Saat ini, bukan lagi sesuatu yang mengherankan, seorang pejabat publik dengan latar belakang pendidikan ilmu agama, ditugaskan sebagai pejabat yang mengurus urusan bidang kehutanan. Tak aneh lagi, seseorang tenaga pendidik ditempatkan pada jabatan teknis bidang pertanian.
Pejabat publik yang dianalogikan sebagai “rang sumbado sarupo abu di ateh tungku” tersebut bisa bergerak kemana angin bertiup. Beruntunglah bila anginnya berhembus dengan lembut dan sepoi-sepoi. Tapi jika angin badai, maka terbang tinggilah si abu tanpa jelas arah dan tujuannya.
Ketidakjelasan sistem, mekanisme dan prosedur jenjang karier seorang pejabat publik dewasa ini, menyebabkan munculnya pejabat-pejabat publik dengan berbagai kategori dalam tata kelola birokrasi pemerintahan daerah. Misalnya, pejabat publik kategori urang sumando lapiak buruak,  urang sumando kacang miang dan urang sumando langau hijau.
Pejabat publik dengan kategori sumando lapiak buruak,  cenderung hanya duduk dan lebih suka berdiam di kursi empuk jabatannya saja. Ia hanya memberikan perintah kerja kepada bawahannya, tanpa mau  tahu dengan persoalan yang ada di sekelilingnya. Pejabat publik yang seperti ini, cenderung hanya mencari amannya saja. Tidak kreatif dan bersikap asal pimpinan senang.
Loyalitas yang diberikan bukanlah terhadap pekerjaan yang menjadi tanggung jawabnya, namun hanya kepada pimpinan semata. Pejabat seperti ini sangat mudah dikenal, karena selalu  berada di ruang kerjanya secara terus menerus. Sering juga dijumpai  di kediaman pimpinannya ketika acara serimonial dilaksanakan. Tipikal pejabat seperti ini, umumnya lahir dari proses rekrutmen yang hanya mengandalkan kedekatan hubungan kekeluargaan, rekomendasi “orang berpengaruh”, atau mungkin saja atas usulan kelompok tim sukses sang kepala daerah.

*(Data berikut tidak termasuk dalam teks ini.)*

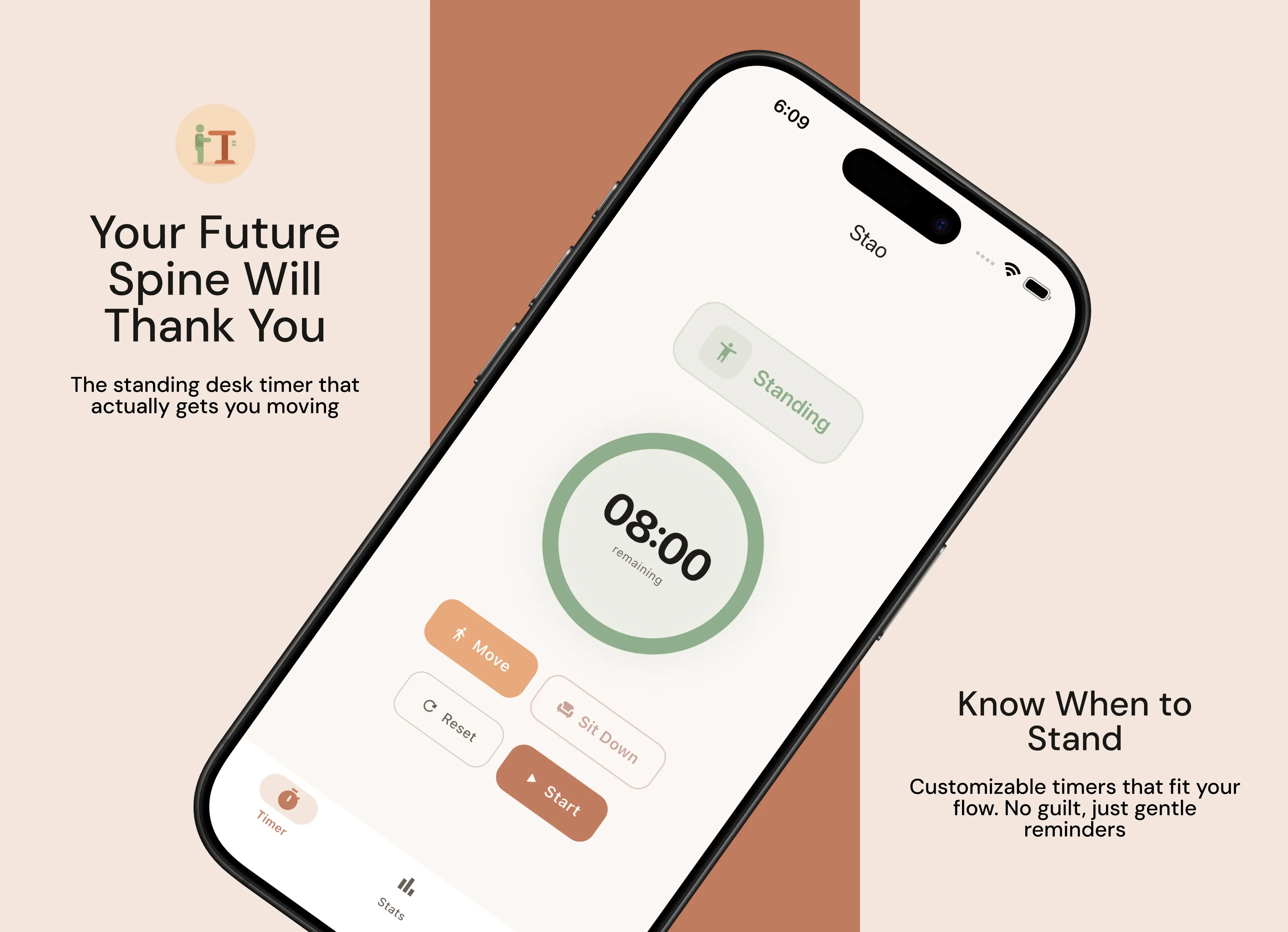Stao - Your Future Spine Will Thank You. The standing desk timer that actually gets you moving.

Pejabat publik dengan kategori sumando langau hijau, biasanya amat mudah dikenal karena aktivitasnya yang super-aktif, selalu hadir dan datang pada berbagai acara serimonial pemerintahan daerah, walaupun tidak ada korelasinya dengan tugas pokok dan fungsinya jabatannya sendiri. Pejabat publik seperti ini biasanya sangat suka mancikaraui (usil dan ikut campur) persoalan-persoalan yang di luar bidang tugasnya. Sikapnya sering menimbulkan gesekan dan perselisihan dengan rekan-rekannya sesama pejabat publik.

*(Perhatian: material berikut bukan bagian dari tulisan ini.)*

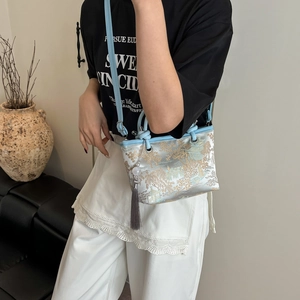 New Chinese style embroidered bucket bag with silk floral pattern and blue leather strap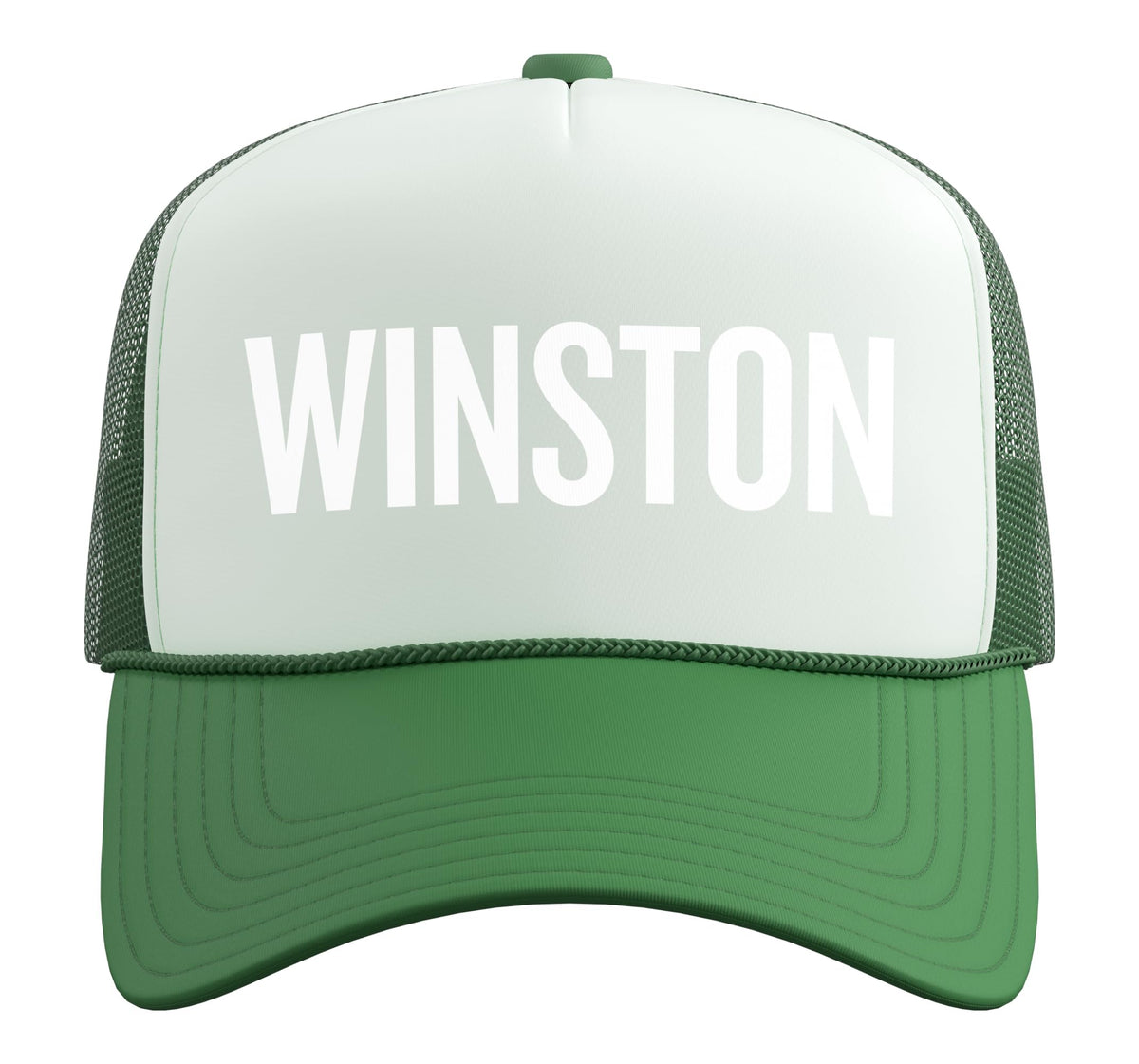 Winston Trucker Hat with Adjustable Mesh Back by WINSTON Name Text Desings – Polyester, Kelly Green/White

Alasan yang seringkali dipakai untuk memasuki “wilayah tugas” pihak lain adalah untuk membangun koordinasi dan sinergi kerja secara lebih baik, namun hasilnya seringkali justru kontra produktif dalam tata kelola birokrasi pemerintahan yang baik.
Pejabat publik yang dapat dikategorikan sebagai sumando kacang miang  merupakan pejabat yang selalu membuat masalah, baik dalam internal kantornya maupun di luar kantor. Biasanya tipikal seperti ini hadir karena rendahnya mentalitas, kompetensi dan kematangan kepribadian yang dimiliki untuk menjadi seorang pejabat publik. Atau bisa juga karena merasa adanya faktor privilage yang dimilikinya, sehingga suka mencari-cari kesalahan orang lain. Acap juga menjadikan kelemahan-kelemahan orang lain sebagai bahan baginya untuk menguasai bidang kerja pihak lain. Faktor privilege secara berlebihan yang diberikan oleh seorang pimpinan kepada seorang pejabat, cenderung akan melahirkan pejabat publik seperti ini.

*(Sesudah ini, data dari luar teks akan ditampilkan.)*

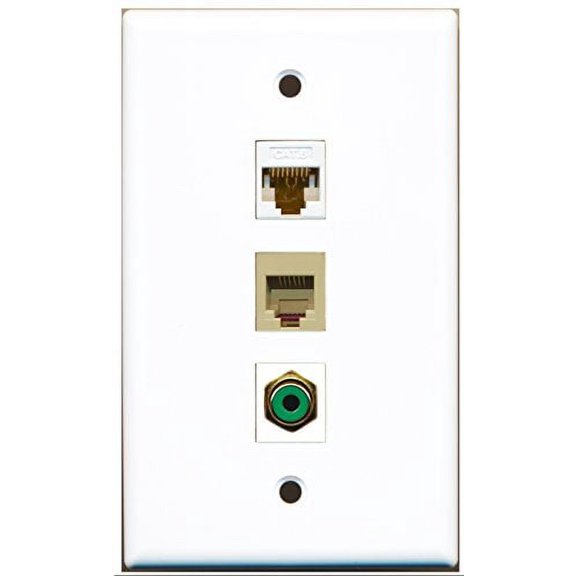 RiteAV - 1 Port RCA Green and 1 Port Phone RJ11 RJ12 Beige and 1 Port Cat6 Ethernet White Wall Plate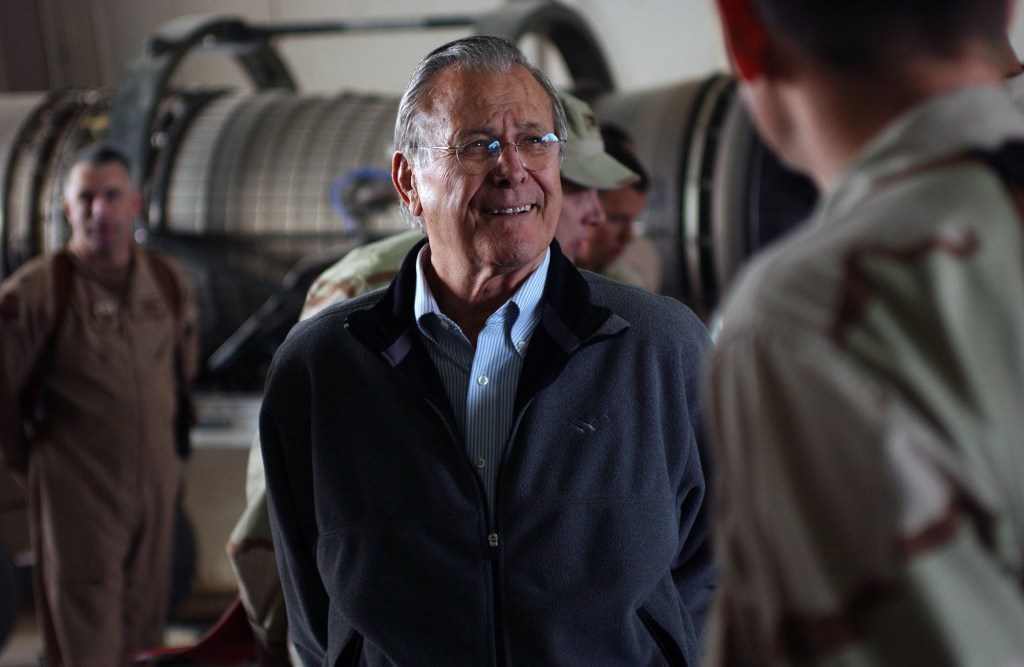 This is what Donald Rumsfeld wants inscribed on his gravestone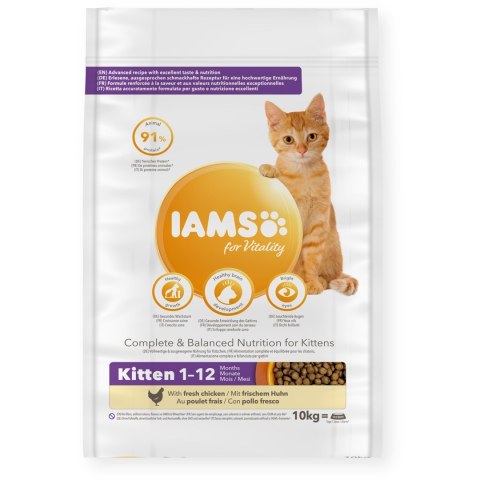 EUKANUBA IAMS for Vitality ze świeżym kurczakiem 10kg kocięta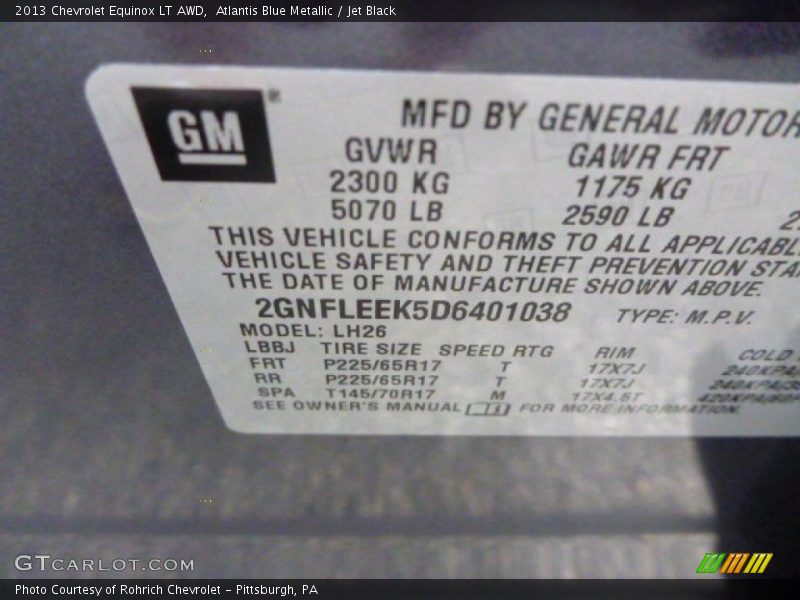 Atlantis Blue Metallic / Jet Black 2013 Chevrolet Equinox LT AWD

Kehadiran berbagai tipikal pejabat publik tersebut, merupakan dampak dari proses pelaksanaan rekrutmen pejabat yang seringkali lebih mengedepankan subjektivitas semata. Penilaian tak melihat objektivitas, kompetensi, kematangan kepribadian, kepemimpinan serta track record kariernya di pemerintahan.
Dengan asumsi bahwa kita masih menggunakan akal sehat dalam bekerja, tentunya berbagai tipikal pejabat publik tersebut di atas bukanlah sosok pelayan publik yang diharapkan, tidak saja oleh masyarakat tetapi juga oleh kepala daerah.
Tipikal urang sumando ninik mamak  merupakan kategori pejabat publik yang ideal dan diharapkan  semua pihak. Pejabat public tipe ini mampu menempatkan diri secara benar dan memberikan dampak positif terhadap semua pihak. Pejabat publik dengan kategori seperti ini, menjadi sosok tempat untuk bertanya dan berdiskusi tentang berbagai hal. Dia mampu memberikan masukan secara objektif dan berimbang, serta akan lebih mengedepankan profesionalisme dalam bekerja.
Pejabat publik dengan tipikal urang sumando ninik mamak  ini hanya akan hadir dalam tatanan birokrasi pemerintahan daerah melalui proses rekrutmen yang mengedepankan objektifitas dan fit and propert test yang dilakukan secara tegas, dan relevan dengan visi dan misi yang telah dibangun seorang kepala daerah.
Seorang  kepala daerah akan selalu mencari pembantu-pembantunya yang memiliki idealisme dan komitmen yang kuat sebagai pejabat publik, sehingga mampu mendukung eksistensi seorang kepala daerah. Ia tidak saja sebagai agent of development, tetapi juga sebagai agent of trust setelah mendapatkan kepercayaan dari masyarakat melalui pemilihan kepala daerah yang dilakukan secara langsung.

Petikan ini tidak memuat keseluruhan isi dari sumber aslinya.